- The listed power producer's gross earnings for the year under review settled at Sh5.12 billion.
- The firm's earnings per share grew to Sh1.80 from Sh0.76 last year.
The radical reforms to cut system losses at Kenya Power saw the firm's net profits more than double in the year that ended June 30, 2022.
The firm's end-year results released Thursday show the power distributor's net earnings grew to Sh3.5 billion compared to Sh1.5 billion in the previous year.
The growth was mainly driven by a 6.9 per cent growth in sales and a notable improvement of 1.5 per cent in system efficiency to 77.57 per cent.

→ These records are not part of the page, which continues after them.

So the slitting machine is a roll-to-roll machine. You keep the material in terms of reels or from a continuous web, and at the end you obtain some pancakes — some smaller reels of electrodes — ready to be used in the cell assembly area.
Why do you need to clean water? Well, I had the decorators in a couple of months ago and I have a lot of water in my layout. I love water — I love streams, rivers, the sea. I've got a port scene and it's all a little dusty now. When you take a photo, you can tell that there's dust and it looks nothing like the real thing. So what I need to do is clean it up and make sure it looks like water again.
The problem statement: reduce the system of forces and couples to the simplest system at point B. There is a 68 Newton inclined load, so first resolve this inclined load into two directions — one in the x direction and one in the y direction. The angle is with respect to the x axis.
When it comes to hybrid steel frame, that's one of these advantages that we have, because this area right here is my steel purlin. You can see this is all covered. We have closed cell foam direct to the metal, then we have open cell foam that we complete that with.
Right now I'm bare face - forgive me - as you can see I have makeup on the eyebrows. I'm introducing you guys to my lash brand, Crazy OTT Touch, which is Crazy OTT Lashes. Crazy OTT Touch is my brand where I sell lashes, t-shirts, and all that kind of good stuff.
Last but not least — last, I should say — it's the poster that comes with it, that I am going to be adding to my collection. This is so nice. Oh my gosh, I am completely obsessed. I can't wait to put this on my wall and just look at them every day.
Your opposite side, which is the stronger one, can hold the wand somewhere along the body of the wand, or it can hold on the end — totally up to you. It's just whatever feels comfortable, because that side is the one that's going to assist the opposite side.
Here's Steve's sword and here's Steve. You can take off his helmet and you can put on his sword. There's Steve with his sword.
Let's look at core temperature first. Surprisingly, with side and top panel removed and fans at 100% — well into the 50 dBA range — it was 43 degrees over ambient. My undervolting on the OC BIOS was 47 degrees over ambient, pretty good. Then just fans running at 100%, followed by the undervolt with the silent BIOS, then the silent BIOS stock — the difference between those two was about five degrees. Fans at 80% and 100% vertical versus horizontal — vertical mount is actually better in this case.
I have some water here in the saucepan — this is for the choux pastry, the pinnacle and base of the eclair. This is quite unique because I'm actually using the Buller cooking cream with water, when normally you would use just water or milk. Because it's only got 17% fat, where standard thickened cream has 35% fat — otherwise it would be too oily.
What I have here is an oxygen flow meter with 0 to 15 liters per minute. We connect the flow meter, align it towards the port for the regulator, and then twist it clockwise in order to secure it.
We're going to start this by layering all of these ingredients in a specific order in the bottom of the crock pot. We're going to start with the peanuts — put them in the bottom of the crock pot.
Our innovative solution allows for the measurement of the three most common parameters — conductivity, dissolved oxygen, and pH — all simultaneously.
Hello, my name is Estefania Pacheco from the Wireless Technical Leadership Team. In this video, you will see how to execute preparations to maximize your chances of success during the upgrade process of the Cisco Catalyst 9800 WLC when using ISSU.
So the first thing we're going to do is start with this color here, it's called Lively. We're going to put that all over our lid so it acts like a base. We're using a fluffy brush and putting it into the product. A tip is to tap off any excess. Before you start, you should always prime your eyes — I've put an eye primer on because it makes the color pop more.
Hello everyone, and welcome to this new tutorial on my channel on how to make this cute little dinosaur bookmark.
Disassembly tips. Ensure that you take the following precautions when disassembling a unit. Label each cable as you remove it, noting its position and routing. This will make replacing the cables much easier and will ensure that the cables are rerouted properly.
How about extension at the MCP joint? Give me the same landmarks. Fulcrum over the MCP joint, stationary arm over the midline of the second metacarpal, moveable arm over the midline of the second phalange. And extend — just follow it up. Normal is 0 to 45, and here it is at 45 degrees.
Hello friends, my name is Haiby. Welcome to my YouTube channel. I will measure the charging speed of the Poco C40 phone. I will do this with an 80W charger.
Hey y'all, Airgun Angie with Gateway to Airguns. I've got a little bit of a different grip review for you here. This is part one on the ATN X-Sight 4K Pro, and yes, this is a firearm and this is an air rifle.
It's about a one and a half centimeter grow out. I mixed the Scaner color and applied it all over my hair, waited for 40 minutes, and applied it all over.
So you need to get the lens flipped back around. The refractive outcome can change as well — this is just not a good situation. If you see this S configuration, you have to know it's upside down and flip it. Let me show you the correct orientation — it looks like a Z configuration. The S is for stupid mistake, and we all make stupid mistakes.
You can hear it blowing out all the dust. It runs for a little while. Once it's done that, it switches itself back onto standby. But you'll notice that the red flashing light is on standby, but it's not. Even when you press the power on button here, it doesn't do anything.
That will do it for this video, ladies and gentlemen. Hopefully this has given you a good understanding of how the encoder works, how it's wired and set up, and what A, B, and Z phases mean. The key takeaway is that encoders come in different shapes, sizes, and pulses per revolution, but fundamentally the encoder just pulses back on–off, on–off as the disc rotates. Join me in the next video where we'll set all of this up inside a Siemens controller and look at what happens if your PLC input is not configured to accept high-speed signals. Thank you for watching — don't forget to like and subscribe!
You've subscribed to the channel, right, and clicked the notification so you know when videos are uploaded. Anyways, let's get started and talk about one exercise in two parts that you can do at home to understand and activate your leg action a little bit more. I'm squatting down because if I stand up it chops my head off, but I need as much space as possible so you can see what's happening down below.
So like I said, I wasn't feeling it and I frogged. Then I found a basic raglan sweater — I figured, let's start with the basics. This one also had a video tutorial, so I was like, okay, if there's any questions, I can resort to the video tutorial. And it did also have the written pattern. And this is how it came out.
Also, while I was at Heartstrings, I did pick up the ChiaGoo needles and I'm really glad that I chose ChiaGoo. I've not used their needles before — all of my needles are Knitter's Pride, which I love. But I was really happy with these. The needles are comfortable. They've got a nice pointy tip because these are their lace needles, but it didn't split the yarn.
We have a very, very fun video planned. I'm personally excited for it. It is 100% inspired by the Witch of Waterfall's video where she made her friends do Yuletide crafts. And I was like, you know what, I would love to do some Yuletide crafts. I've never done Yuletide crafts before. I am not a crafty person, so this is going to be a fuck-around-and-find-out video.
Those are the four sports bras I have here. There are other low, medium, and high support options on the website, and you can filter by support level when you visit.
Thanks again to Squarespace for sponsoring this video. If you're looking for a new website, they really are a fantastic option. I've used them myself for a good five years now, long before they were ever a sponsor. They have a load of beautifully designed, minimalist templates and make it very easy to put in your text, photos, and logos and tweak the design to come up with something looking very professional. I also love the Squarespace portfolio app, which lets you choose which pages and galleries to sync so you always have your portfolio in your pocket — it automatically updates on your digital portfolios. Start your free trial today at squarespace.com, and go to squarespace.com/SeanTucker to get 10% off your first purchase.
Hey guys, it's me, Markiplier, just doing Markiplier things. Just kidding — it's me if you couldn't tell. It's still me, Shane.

This performance was enhanced by a 4.6 per cent reduction in operating costs based on the continued deployment of strategic cost management initiatives.
Basic revenue registered a slight decline from Sh125.9 billion to Sh125.6 billion.
This, together with a 40.2 per cent increment in finance costs, attributable to the depreciation of the Kenya Shilling against major world currencies, resulted in a 37.5 per cent decline in gross earnings compared to the previous trading period.
The listed power producer's gross earnings for the year under review settled at Sh5.12 billion.
Commenting on the performance, Acting managing director Geoffrey Muli said the focus for the year set on building on the momentum built during the previous financial years when the turn-around strategy was rolled out.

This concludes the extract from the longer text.